Solvatochromic or solvent dependent phenomena observed for transition metal complexes are analyzed in details from spectroscopic and stereochemical points of view. It is found that the solvation around the second coordination sphere in the metal complexes results in the bond length variation due to cis effect and/or trans influence leading to the spectroscopic and/or steric change and/or stereochemical flexibility of unidentate rotamer or chelate ring conformation.

Firstly, the ligand field absorption band components and solvent-dependent ²H NMR contact shifts of trans-and cis-[CrF₂(N)₄] type complexes with linear aliphatic tetraamines and aromatic imine ligands were found to be correlated with the acceptor numbers for solvents. The ligand field bands were examined by using the angular overlap model(AOM), and the solvatochromism could be ascribed to variations of the metal-ligand σ-bond interactions due to the selective solvation toward the axial fluoro ligands. The cis effect is found to provide a reasonable account for the solvent dependence of the spectroscopic observables for both the cis and trans complexes. The inverse correlation of the ²H NMR shifts for the 4- and 5- deuterons in the bpy complexes with the solvent electron acceptor number give direct evidence for the π-acceptor bond properties of aromatic imine ligands in the complexes. In addition, from the solvatochromism and solvent-dependent ²H NMR spectra of fac- [CrF₃(tpa)](tpa=tri-2-pyridylamine), the trigonal splitting in the first ligand field band as well as the high sensitivity of the Cr-py bond variation to solvation were revealed. The solvatochromism of the first ligand field absorption bands and/or the solvent dependence of ¹³C and ⁵⁹Co NMR shifts for trans- and cis- [M(N)₂(O)₄] type complexes of cobalt(III) or chromium(III) with various kinds of polyamine-N-polycarboxylato ligands could result from variations of the metal-ligand σ and/or π bond interactions due to the preferential solvation toward the oxygen p_π orbitals coplanar with the M(O)₂ coordinate planes in terms of the AOM parametrization.

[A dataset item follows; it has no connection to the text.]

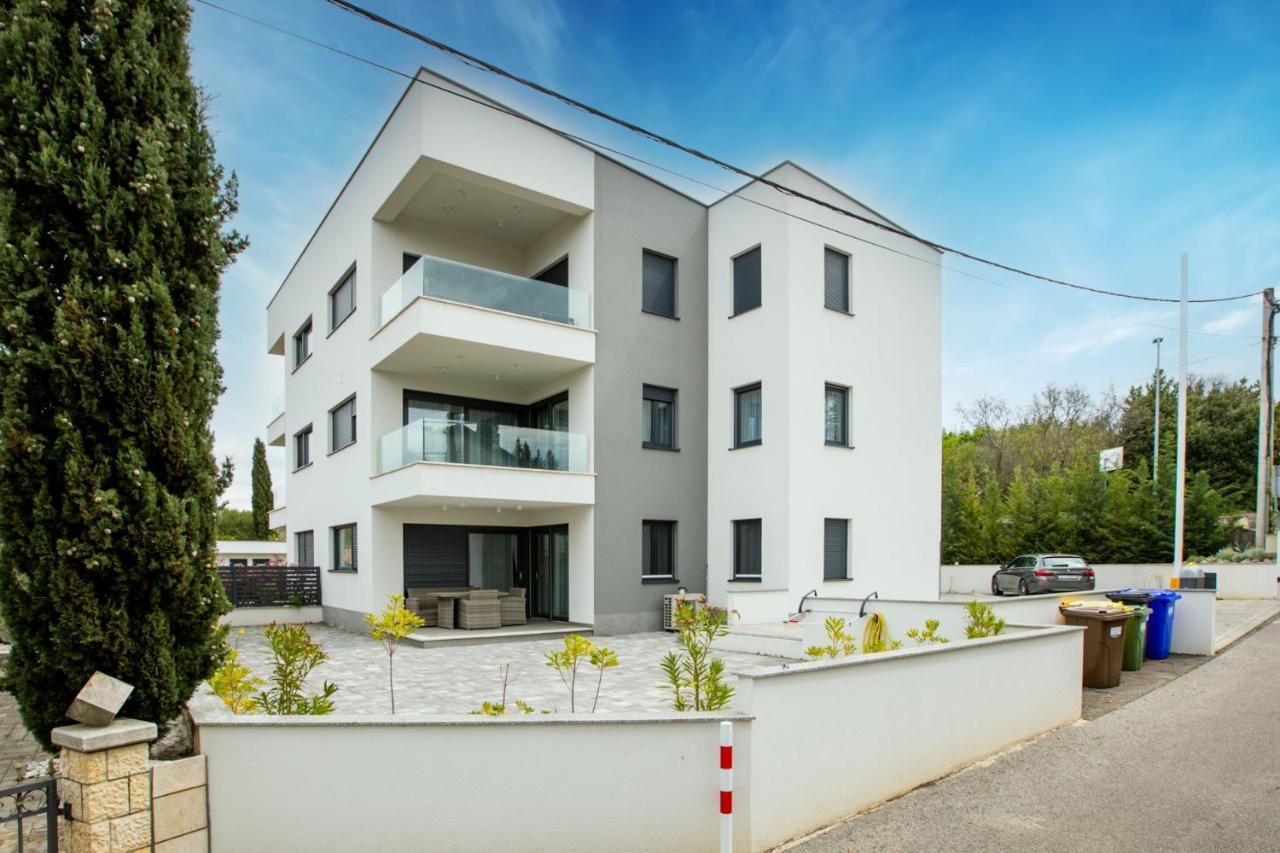 Apartment Muzini Малинска Экстерьер фото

Secondary, for the nitritochromium(III) complexes with optically active diamines, the conformational (rotational) isomerism of coordinated nitrito ligands will be discussed on the basis of the solvent-dependent CD spectra in the near-ultraviolet region of an intraligand absorption band localized on nitrito ligands. It is proposed that the CD variation in the intraligand transition region among the complexes concerned is responsible for the chiral arrangement of nitrito ligands.